A neblina que ele usou como símbolo do mundo contemporâneo no seu último livro, “Dentro do Nevoeiro”, estaria, assim, longe de nos abandonar, seja de modo mais generalizado ou na própria arquitetura, com os vidros e a transparência do modernismo substituídos pelas construções de aparência leitosa.
Ou, para usar outra metáfora, esta de Rolnik, as cidades se tornariam imensos shopping centers, públicos só no conceito. “O shopping finge que é a rua, mas é um espaço privado, controlado”, diz ela. “Talvez, se pensarmos numa perspectiva distópica, teremos esse ambiente vigiado, eventualmente adotando indicadores de saúde e de contágio.”
É uma perspectiva que, a exemplo de como a China lidou com a pandemia, pode não ser tão distante. Lá, o fluxo de infectados foi monitorado a partir de dados de geolocalização por celulares, identificação facial com medição de temperatura e aplicativos.
Mas, afirma Wisnik, também pode ser que o coronavírus promova um movimento dialético. “Depois da peste negra, veio o Renascimento. Da gripe espanhola, o New Deal”, ele diz, lembrando que o próprio coronavírus carrega uma ambiguidade entre individualismo e solidariedade.
Iniciativas surgidas pelo mundo ilustram essa busca por um novo modelo. Na Europa, Paris e Barcelona divulgaram planos para diminuir as vias destinadas a automóveis e aumentar ciclovias. Nos Estados Unidos, ganham força movimentos de inquilinos que pedem o cancelamento dos aluguéis. Além disso, com o turismo indo a zero, vários lugares têm buscado corrigir distorções e regulamentar o AirBnB, lembra Tavolari.
A pesquisadora ressalta, no entanto, que é urgente que essas e outras políticas, muitas delas relacionadas a questões históricas no país, como a do saneamento básico, não esperem o fim da pandemia para começarem a ser formuladas.

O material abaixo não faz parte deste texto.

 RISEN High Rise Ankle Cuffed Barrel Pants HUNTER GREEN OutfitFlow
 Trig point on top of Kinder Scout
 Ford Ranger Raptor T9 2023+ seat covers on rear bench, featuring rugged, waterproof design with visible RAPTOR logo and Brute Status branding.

“Há possibilidades de endereçarmos problemas que não são só de mobilidade ou de habitação, mas de saúde pública, porque ter uma política que pense a habitação como um direito pode salvar vidas.”
Rolnik é outra que aposta que a pandemia pode levar a uma mudança de paradigma radical. E aponta a importância de deslocar o debate para as regiões mais pobres, onde estão a maior parte daqueles que lutam contra o vírus.

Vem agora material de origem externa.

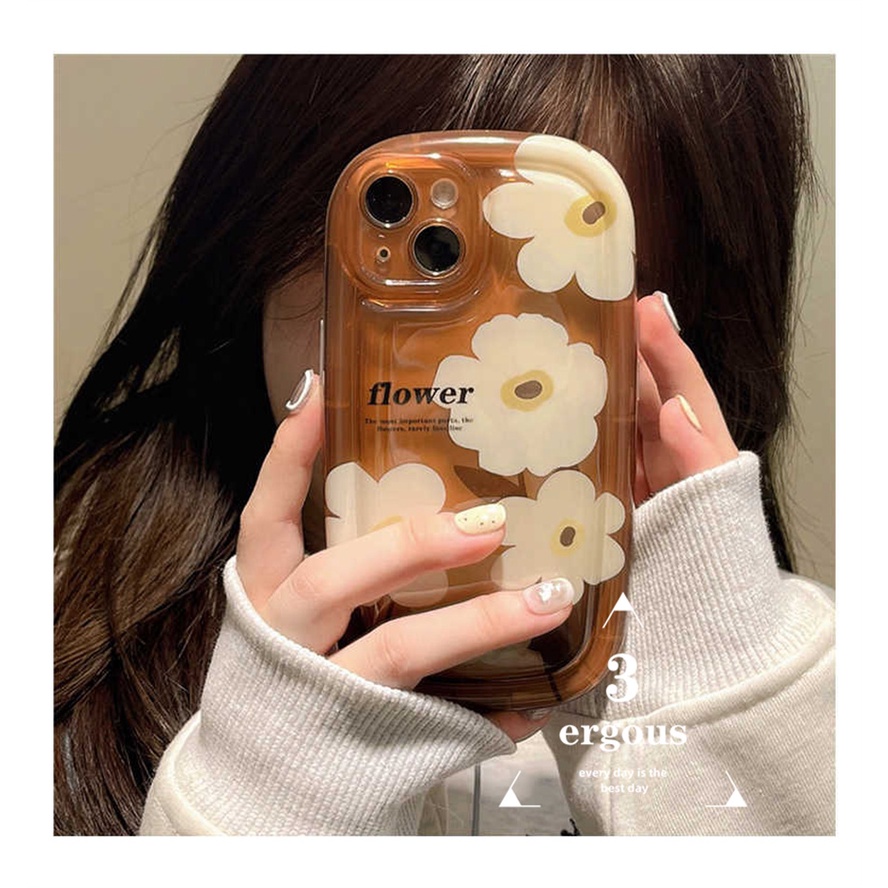Ốp Điện Thoại TPU Mềm Đệm Khí In Hình Hoa Nâu Cho iPhone 14 13 12 11 Pro Max SE2020 X XR Xs Max 7 8 Plus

“Não podemos fazer como se faz desde Pereira Passos ou Haussmann, de ver esses lugares como pardieiros anti-higiênicos. Precisamos entender que ali tem um saber que, dentro de condições difíceis, enfrenta essas questões.”

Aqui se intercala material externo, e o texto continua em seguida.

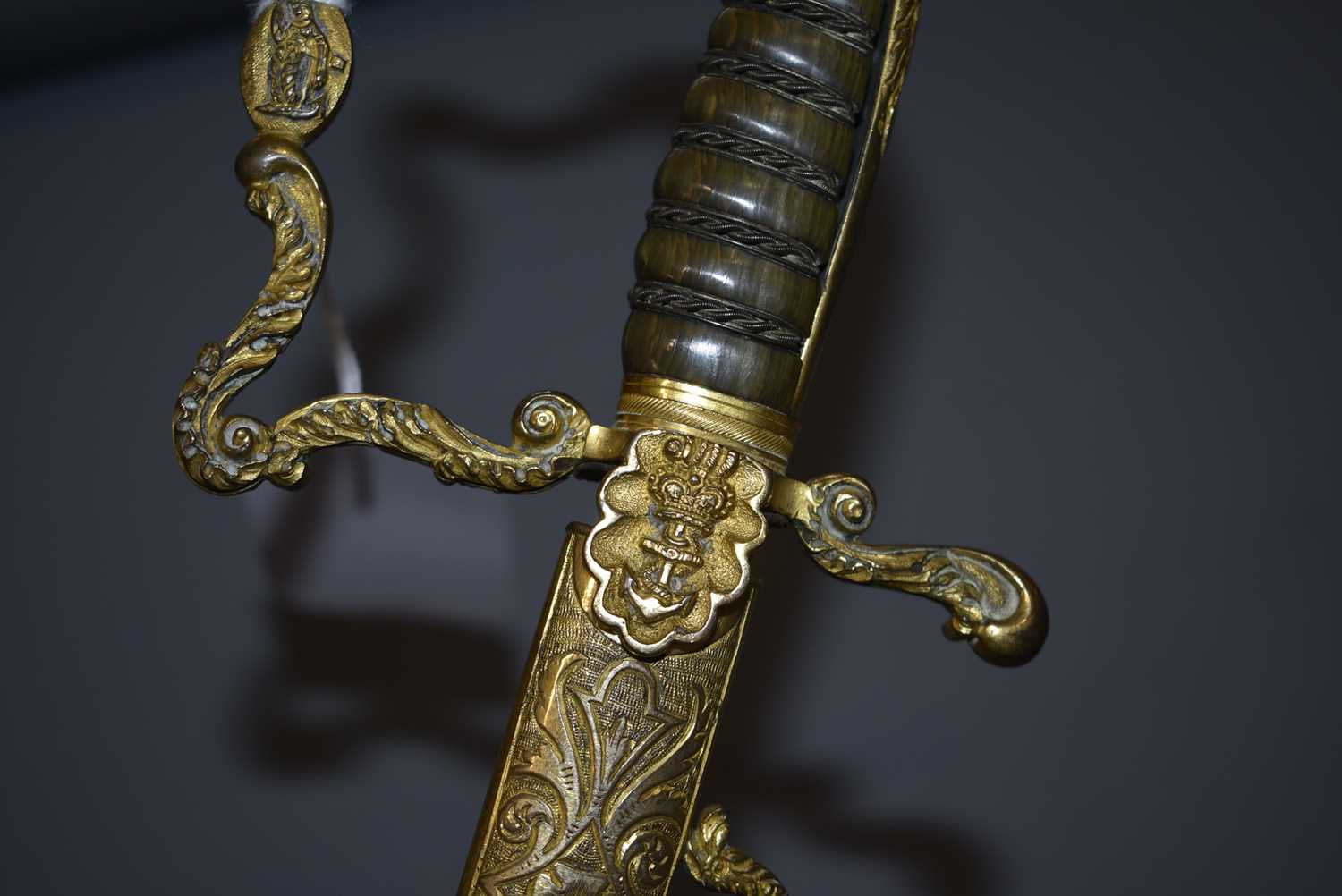 AN ORNATELY MOUNTED GEORGIAN NAVAL OFFICER'S SWORD, - Image 8 of 18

Já o premiado arquiteto Marcio Kogan diz que não prevê grandes mudanças nos projetos que toca no seu Studio MK27. Ele conta que alguns clientes até pediram alterações motivadas pela experiência da quarentena, como a inclusão de aparelhos de ginástica, e relataram a falta que faz uma varanda. Mas é tudo do calor do momento, segundo ele.
A única transformação que o arquiteto considera que veio para ficar é a do home office, já que tem ouvido várias empresas falar em abandonar a Faria Lima para construir sedes mais compactas.
“Mas, na essência, acho que as coisas não vão mudar. Seremos filhos de uma guerra, talvez”, diz Kogan.